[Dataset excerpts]
▼

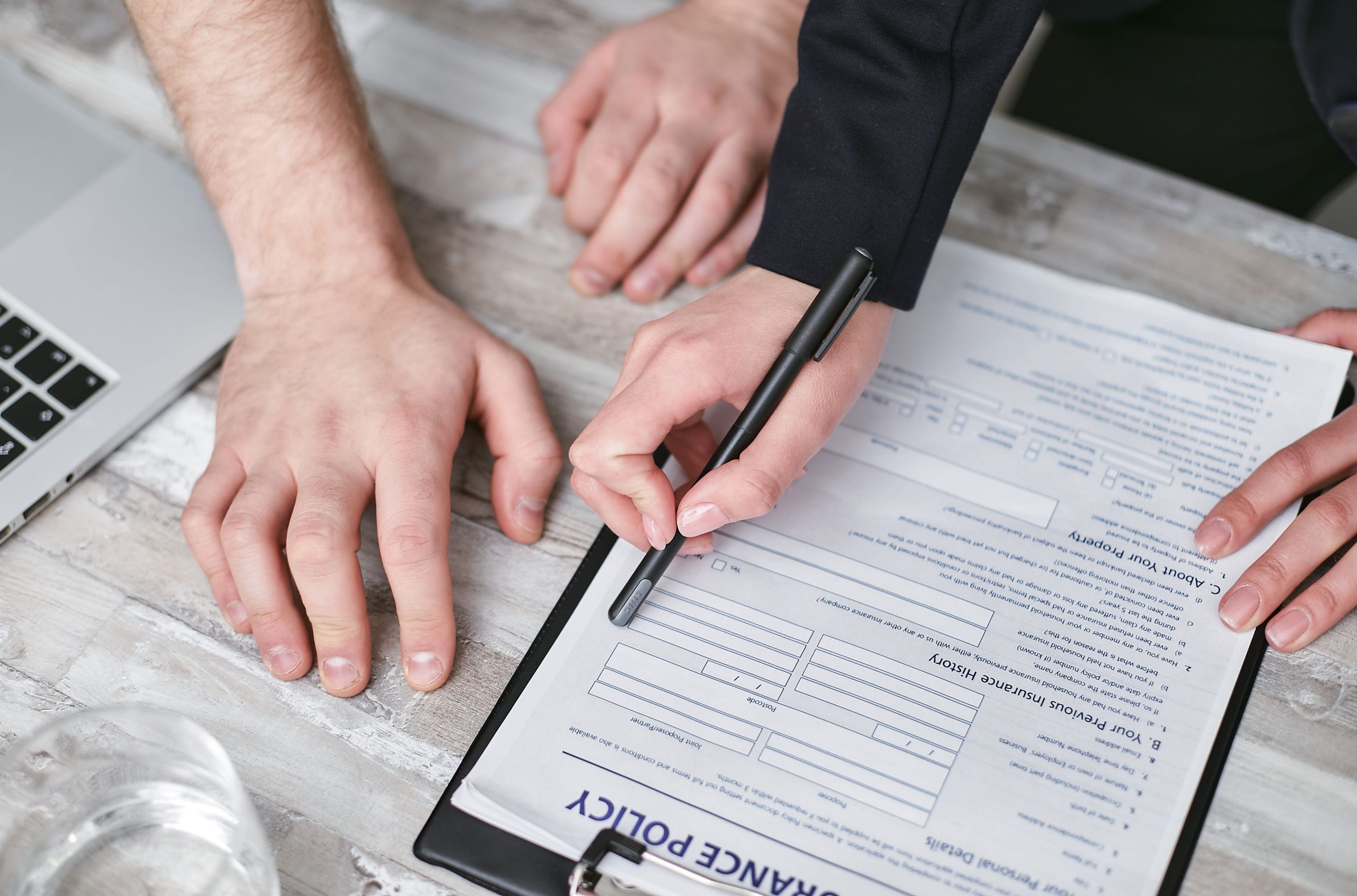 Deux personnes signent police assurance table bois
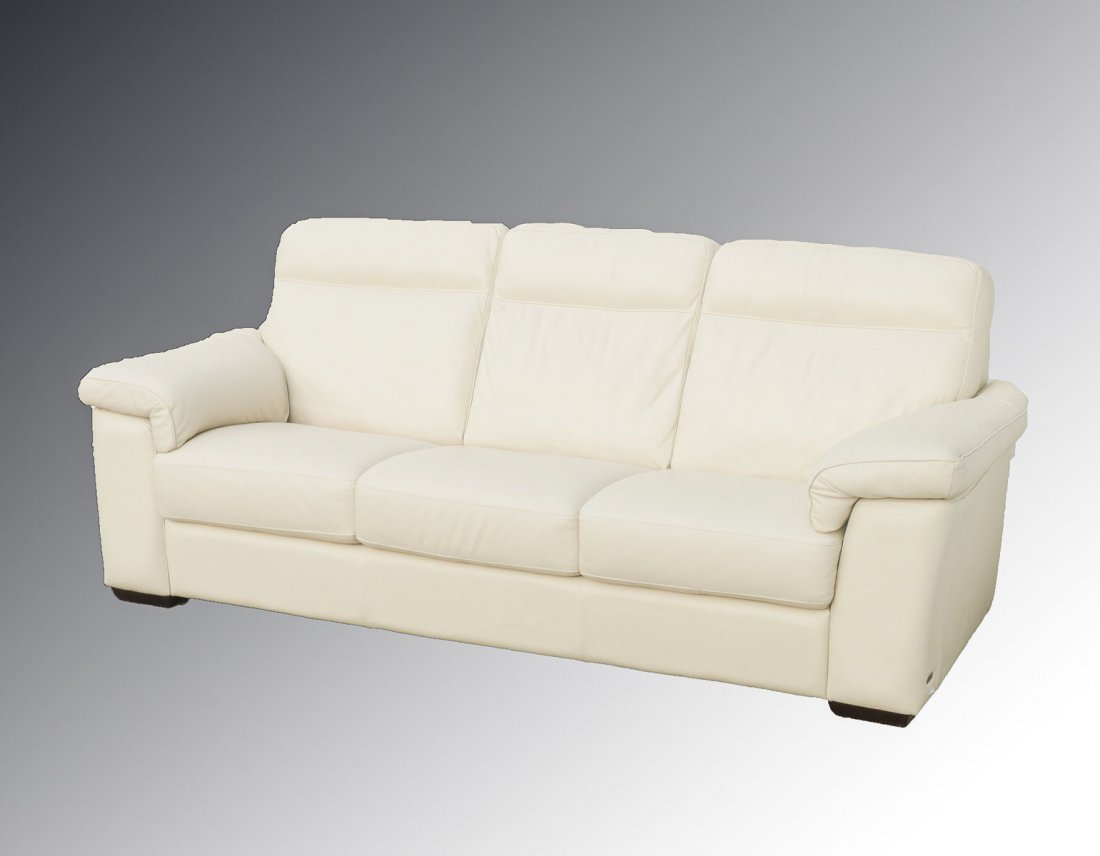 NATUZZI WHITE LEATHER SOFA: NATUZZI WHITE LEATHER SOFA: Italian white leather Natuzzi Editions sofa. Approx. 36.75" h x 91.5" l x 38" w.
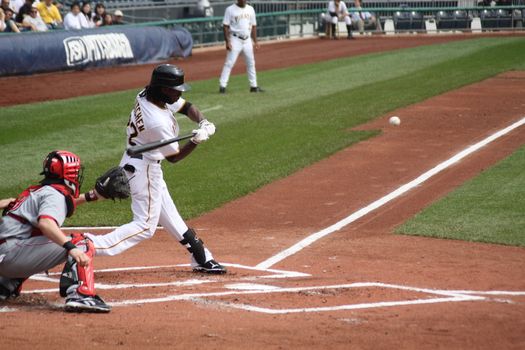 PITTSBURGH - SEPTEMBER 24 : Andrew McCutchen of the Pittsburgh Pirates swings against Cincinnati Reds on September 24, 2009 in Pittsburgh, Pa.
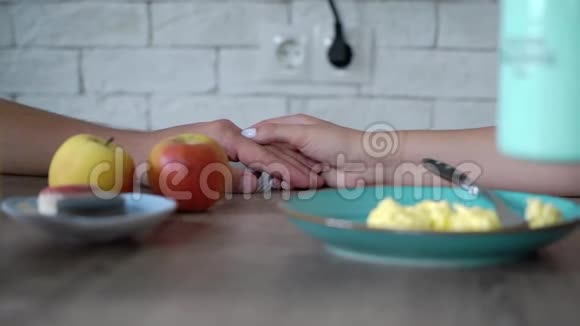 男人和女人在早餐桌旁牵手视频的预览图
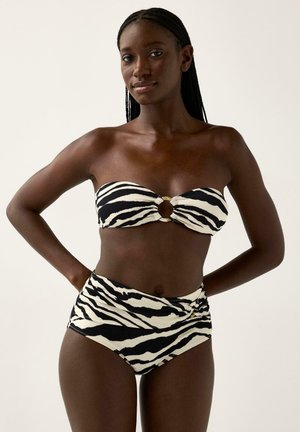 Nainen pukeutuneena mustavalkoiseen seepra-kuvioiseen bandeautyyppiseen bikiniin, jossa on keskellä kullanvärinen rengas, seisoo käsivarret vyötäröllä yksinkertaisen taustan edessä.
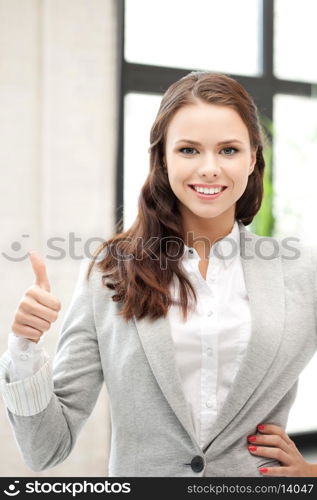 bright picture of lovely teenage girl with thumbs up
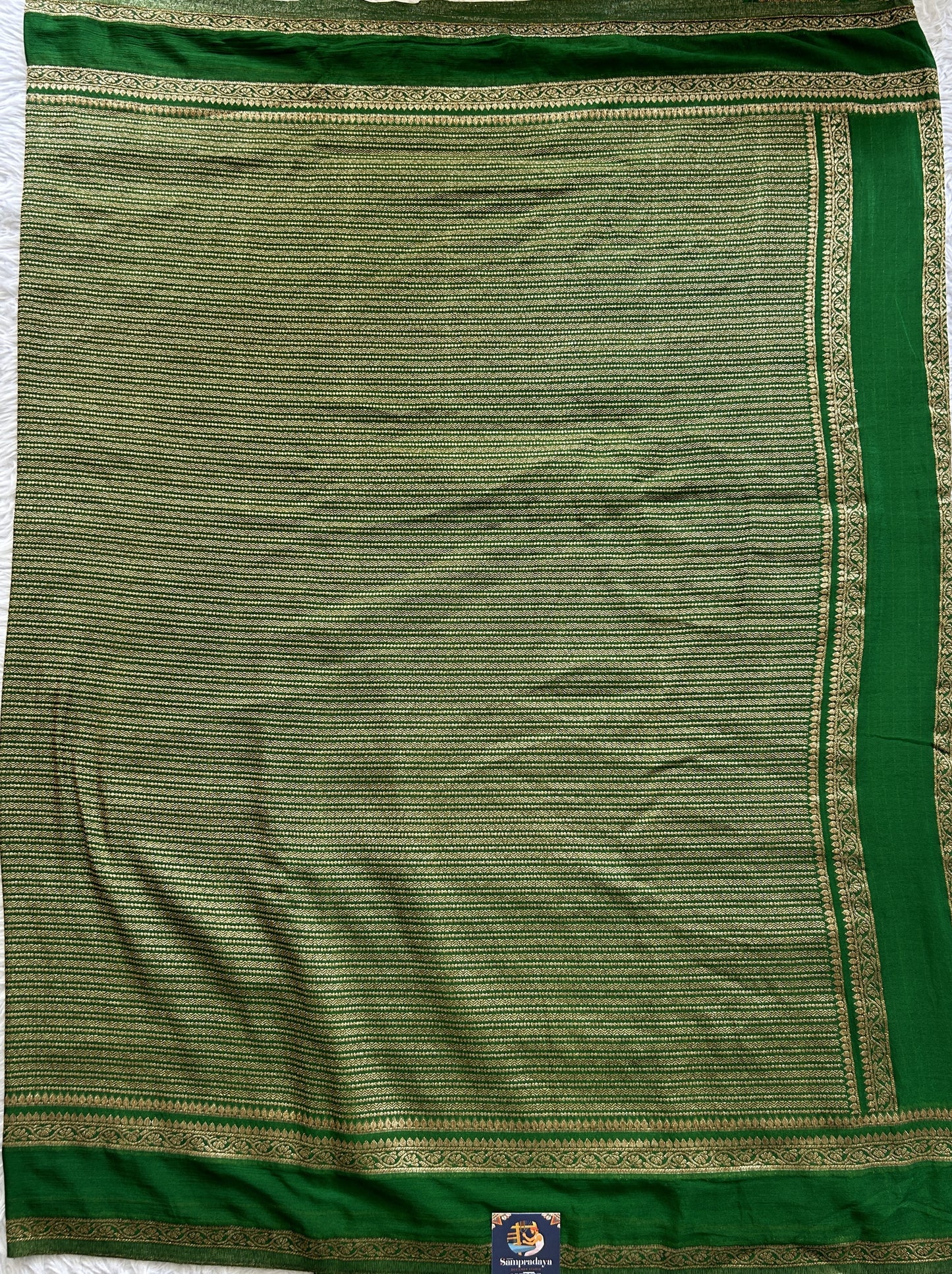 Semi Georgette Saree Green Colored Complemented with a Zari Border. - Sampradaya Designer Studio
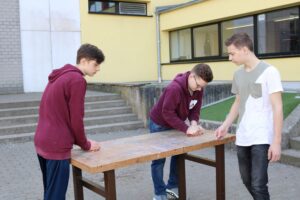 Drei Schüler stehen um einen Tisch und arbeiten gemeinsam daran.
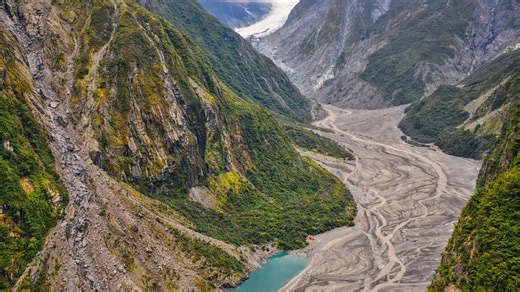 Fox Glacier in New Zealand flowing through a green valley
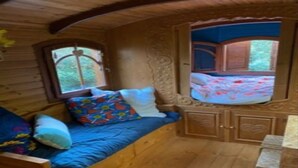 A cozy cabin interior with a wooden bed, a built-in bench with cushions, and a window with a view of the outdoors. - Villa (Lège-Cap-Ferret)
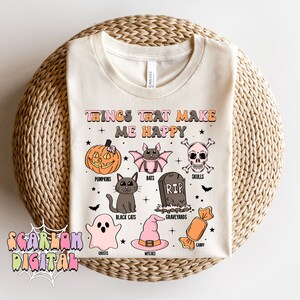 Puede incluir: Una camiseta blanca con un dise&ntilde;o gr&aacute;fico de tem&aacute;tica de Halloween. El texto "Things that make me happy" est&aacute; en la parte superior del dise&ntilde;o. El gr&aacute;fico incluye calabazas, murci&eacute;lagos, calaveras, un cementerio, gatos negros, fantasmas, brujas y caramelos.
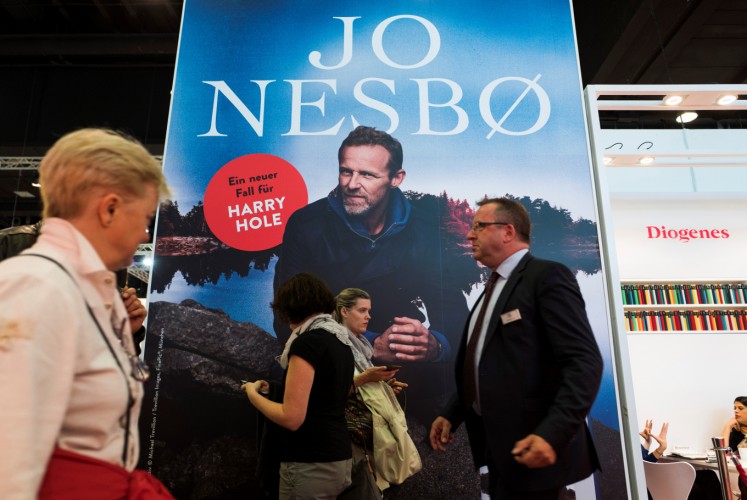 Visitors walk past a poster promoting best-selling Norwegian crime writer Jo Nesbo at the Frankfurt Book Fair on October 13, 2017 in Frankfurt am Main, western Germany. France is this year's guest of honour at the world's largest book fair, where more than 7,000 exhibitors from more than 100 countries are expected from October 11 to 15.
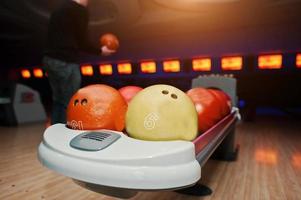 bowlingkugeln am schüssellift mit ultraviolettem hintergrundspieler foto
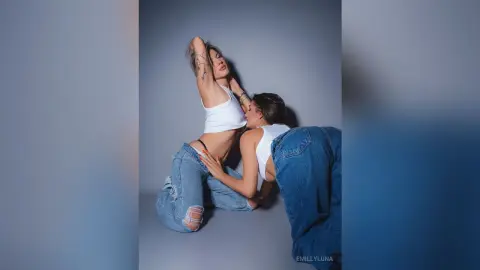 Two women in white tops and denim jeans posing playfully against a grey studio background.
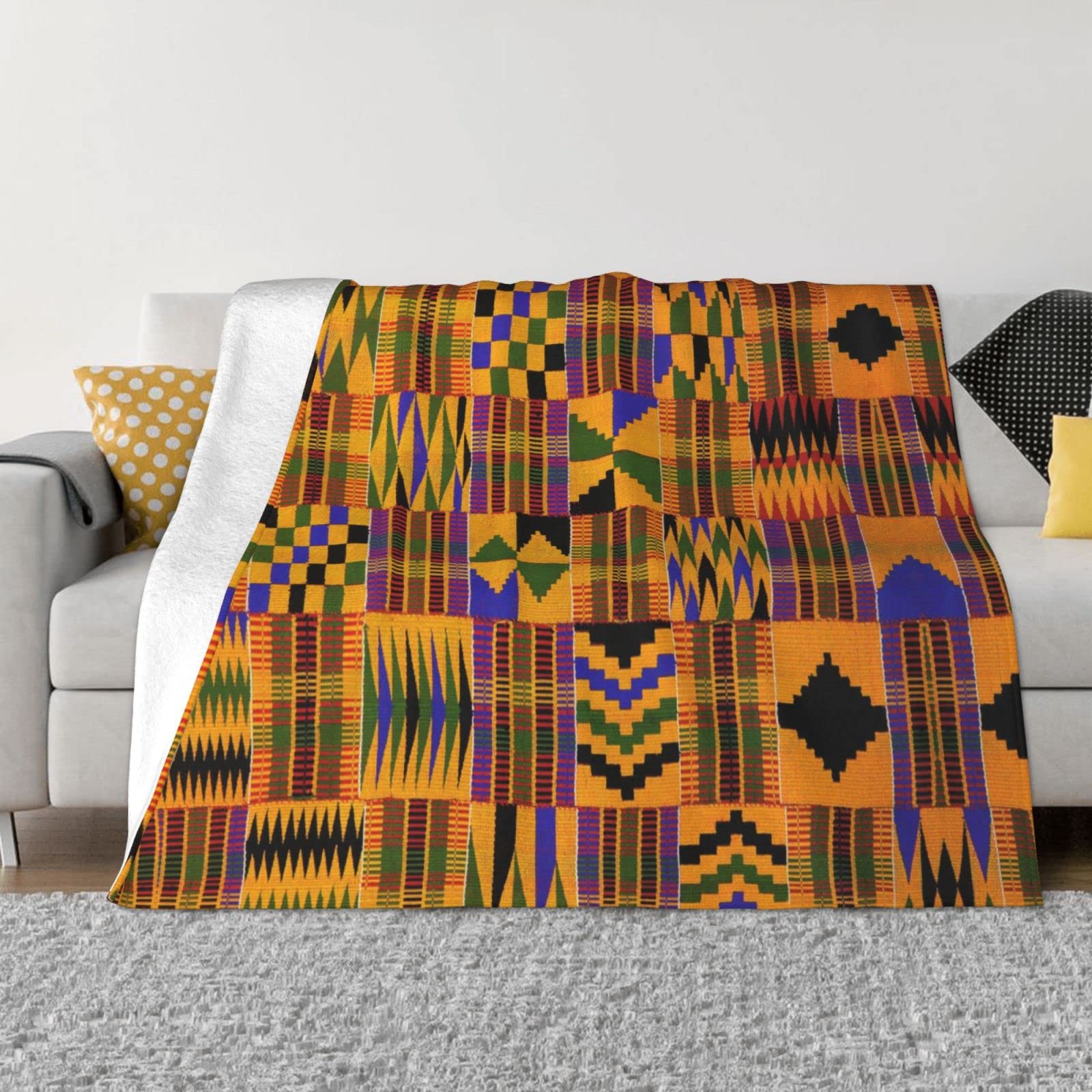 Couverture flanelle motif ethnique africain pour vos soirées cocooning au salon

▲

▸ **Task prompt**:
Omit every picture while transcribing the records above exactly.

▸ **Solution to this task**:
 Deux personnes signent police assurance table bois
 NATUZZI WHITE LEATHER SOFA: NATUZZI WHITE LEATHER SOFA: Italian white leather Natuzzi Editions sofa. Approx. 36.75" h x 91.5" l x 38" w.
 PITTSBURGH - SEPTEMBER 24 : Andrew McCutchen of the Pittsburgh Pirates swings against Cincinnati Reds on September 24, 2009 in Pittsburgh, Pa.
 男人和女人在早餐桌旁牵手视频的预览图
 Nainen pukeutuneena mustavalkoiseen seepra-kuvioiseen bandeautyyppiseen bikiniin, jossa on keskellä kullanvärinen rengas, seisoo käsivarret vyötäröllä yksinkertaisen taustan edessä.
 bright picture of lovely teenage girl with thumbs up
 Semi Georgette Saree Green Colored Complemented with a Zari Border. - Sampradaya Designer Studio
 Drei Schüler stehen um einen Tisch und arbeiten gemeinsam daran.
 Fox Glacier in New Zealand flowing through a green valley
 A cozy cabin interior with a wooden bed, a built-in bench with cushions, and a window with a view of the outdoors. - Villa (Lège-Cap-Ferret)
 Puede incluir: Una camiseta blanca con un dise&ntilde;o gr&aacute;fico de tem&aacute;tica de Halloween. El texto "Things that make me happy" est&aacute; en la parte superior del dise&ntilde;o. El gr&aacute;fico incluye calabazas, murci&eacute;lagos, calaveras, un cementerio, gatos negros, fantasmas, brujas y caramelos.
 Visitors walk past a poster promoting best-selling Norwegian crime writer Jo Nesbo at the Frankfurt Book Fair on October 13, 2017 in Frankfurt am Main, western Germany. France is this year's guest of honour at the world's largest book fair, where more than 7,000 exhibitors from more than 100 countries are expected from October 11 to 15.
 bowlingkugeln am schüssellift mit ultraviolettem hintergrundspieler foto
 Two women in white tops and denim jeans posing playfully against a grey studio background.
 Couverture flanelle motif ethnique africain pour vos soirées cocooning au salon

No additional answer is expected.